# What you should do
Across the entries below, please work out how many lines contain the string "with" and give only the number.

○ ○ ○

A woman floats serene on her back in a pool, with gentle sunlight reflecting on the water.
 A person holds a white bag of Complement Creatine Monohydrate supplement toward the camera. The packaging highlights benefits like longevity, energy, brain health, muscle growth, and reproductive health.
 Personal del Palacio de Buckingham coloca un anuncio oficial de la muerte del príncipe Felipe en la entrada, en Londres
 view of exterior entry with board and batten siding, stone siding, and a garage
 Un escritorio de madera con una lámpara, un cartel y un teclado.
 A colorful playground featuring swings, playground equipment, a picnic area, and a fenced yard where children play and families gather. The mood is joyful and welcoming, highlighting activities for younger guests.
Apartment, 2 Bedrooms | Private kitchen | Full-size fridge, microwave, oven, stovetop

○ ○ ○

# Result of this exercise
2